▸ **Extracted records**:

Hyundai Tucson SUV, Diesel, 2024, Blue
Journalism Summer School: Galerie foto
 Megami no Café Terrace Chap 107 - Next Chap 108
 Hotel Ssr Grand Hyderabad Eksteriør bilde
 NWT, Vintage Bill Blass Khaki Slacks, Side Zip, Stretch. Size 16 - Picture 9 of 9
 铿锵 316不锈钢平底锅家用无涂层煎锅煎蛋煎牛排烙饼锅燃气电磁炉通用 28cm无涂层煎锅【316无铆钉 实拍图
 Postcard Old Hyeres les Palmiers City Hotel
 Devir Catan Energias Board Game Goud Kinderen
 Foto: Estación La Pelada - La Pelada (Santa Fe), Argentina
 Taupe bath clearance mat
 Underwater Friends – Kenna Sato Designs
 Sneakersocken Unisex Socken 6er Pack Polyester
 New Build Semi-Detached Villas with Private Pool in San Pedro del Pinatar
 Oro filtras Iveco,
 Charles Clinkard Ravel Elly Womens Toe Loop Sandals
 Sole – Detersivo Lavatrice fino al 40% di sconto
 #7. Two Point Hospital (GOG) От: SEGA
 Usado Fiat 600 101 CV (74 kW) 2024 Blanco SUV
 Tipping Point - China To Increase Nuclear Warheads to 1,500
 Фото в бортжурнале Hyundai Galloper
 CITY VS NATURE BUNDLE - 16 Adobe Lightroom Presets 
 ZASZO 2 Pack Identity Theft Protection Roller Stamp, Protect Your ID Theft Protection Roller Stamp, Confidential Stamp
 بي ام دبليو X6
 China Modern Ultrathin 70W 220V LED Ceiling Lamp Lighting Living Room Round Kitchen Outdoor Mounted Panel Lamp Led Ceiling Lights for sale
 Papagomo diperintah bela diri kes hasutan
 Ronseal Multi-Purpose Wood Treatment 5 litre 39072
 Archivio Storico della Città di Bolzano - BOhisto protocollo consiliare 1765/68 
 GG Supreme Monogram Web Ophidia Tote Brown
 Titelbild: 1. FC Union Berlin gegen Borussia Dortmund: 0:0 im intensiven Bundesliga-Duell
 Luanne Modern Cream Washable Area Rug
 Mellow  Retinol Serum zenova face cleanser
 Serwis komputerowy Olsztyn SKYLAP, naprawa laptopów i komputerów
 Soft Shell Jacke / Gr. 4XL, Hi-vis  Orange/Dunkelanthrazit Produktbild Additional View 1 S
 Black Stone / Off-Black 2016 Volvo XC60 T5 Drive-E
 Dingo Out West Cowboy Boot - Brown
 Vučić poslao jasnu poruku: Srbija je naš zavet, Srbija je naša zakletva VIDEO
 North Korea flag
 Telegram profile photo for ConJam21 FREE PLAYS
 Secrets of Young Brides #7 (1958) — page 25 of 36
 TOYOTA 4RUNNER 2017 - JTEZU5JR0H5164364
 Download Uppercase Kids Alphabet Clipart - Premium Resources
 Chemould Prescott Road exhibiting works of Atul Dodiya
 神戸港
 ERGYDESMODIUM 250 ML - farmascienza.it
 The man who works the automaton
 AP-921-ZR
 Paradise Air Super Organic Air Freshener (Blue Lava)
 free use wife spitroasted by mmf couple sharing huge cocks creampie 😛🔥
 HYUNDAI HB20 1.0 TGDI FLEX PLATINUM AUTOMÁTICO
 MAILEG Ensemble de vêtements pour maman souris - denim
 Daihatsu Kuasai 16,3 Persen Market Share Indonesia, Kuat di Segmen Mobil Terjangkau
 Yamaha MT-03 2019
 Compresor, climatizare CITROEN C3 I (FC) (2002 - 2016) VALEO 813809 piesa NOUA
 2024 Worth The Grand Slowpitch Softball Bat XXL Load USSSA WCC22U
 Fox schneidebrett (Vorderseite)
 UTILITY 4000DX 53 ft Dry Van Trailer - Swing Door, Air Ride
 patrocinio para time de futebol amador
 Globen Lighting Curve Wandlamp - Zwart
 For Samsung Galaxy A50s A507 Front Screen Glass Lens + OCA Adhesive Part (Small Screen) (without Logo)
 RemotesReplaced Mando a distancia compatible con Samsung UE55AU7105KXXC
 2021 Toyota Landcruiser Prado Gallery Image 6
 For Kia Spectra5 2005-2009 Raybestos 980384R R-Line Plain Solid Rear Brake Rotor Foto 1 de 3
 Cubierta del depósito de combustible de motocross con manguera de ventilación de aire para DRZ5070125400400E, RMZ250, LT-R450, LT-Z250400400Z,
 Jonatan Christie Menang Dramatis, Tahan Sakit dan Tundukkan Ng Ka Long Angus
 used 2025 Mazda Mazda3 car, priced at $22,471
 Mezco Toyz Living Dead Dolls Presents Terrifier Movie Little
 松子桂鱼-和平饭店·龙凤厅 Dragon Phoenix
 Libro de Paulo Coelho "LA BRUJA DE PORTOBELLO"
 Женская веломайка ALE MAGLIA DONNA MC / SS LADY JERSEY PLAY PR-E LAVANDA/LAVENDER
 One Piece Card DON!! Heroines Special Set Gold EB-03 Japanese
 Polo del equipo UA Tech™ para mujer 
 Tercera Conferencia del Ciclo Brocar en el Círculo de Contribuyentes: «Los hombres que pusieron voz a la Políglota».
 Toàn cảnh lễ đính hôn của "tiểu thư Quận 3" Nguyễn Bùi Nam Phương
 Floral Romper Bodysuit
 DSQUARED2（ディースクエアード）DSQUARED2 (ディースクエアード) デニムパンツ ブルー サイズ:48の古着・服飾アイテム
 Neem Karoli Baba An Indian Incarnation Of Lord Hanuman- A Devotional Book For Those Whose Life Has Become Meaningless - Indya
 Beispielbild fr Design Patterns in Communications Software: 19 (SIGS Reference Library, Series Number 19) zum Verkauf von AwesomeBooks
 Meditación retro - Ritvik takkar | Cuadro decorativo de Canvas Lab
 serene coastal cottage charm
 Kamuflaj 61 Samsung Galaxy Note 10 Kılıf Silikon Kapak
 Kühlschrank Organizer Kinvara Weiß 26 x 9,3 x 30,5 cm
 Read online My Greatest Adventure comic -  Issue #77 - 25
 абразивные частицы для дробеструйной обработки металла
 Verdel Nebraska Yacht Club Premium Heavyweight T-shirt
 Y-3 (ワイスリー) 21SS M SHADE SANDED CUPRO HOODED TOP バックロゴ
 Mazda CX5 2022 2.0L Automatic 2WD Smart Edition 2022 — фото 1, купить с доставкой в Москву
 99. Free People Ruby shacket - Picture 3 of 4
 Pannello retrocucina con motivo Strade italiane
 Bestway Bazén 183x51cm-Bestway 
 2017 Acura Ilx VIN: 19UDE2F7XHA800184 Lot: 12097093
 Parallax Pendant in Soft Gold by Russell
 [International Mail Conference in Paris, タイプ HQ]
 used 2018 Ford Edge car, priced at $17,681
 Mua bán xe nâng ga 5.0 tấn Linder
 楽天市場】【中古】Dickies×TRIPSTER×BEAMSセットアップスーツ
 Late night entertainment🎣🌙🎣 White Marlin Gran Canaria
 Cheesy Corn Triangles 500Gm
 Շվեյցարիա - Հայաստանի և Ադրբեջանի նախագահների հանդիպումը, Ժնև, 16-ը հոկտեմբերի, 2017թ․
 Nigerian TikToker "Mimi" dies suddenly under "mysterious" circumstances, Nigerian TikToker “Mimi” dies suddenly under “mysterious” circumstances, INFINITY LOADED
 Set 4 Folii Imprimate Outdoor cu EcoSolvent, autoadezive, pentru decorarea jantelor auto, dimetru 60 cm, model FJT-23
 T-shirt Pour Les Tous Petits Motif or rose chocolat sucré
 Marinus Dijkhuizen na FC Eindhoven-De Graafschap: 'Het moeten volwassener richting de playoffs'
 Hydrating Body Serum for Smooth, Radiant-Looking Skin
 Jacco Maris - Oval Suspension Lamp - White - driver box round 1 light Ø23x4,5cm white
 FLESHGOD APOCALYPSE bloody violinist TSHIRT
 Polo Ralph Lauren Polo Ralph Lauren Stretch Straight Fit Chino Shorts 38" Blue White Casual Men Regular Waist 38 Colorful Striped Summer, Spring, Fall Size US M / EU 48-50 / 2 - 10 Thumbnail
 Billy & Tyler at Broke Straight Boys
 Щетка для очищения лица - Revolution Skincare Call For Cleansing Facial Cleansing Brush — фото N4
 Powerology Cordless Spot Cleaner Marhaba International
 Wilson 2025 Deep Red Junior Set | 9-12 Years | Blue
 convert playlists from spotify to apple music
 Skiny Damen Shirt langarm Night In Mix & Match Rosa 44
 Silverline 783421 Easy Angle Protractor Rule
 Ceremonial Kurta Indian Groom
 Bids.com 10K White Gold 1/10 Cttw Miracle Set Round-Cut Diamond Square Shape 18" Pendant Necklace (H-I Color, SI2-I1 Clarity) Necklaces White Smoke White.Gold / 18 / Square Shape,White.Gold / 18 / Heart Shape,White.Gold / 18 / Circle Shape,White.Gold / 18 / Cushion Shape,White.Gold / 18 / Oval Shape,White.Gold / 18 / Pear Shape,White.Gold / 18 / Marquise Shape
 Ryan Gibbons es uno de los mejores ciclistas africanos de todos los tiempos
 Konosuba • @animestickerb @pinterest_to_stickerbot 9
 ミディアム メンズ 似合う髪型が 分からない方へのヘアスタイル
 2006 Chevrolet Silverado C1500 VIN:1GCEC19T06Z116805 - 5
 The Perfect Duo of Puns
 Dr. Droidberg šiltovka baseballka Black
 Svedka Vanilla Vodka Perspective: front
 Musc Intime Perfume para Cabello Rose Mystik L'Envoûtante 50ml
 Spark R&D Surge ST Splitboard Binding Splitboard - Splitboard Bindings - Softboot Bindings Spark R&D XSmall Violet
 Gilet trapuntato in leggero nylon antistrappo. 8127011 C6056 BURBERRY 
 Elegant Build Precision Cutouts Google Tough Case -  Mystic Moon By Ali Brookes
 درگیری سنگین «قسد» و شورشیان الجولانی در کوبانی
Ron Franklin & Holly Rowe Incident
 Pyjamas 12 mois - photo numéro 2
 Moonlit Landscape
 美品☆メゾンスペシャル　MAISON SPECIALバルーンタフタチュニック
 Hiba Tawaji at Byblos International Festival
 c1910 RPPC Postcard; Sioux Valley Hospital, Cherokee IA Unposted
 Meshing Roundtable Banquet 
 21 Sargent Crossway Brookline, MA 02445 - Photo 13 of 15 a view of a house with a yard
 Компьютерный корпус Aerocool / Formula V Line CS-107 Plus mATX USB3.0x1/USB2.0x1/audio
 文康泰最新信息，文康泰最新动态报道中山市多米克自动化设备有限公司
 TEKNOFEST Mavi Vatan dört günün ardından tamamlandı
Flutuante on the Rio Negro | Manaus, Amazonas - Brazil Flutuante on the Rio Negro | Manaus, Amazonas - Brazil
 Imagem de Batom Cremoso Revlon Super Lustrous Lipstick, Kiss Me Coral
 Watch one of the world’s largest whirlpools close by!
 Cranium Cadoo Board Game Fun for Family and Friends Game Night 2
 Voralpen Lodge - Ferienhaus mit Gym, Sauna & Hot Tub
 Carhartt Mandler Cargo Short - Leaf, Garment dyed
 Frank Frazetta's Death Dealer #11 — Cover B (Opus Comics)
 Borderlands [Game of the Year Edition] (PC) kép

▸ **Exercise instructions**:
Pull every line containing the word "Indian" out of the material and copy it.

▸ **The completed task**:
 Neem Karoli Baba An Indian Incarnation Of Lord Hanuman- A Devotional Book For Those Whose Life Has Become Meaningless - Indya
 Ceremonial Kurta Indian Groom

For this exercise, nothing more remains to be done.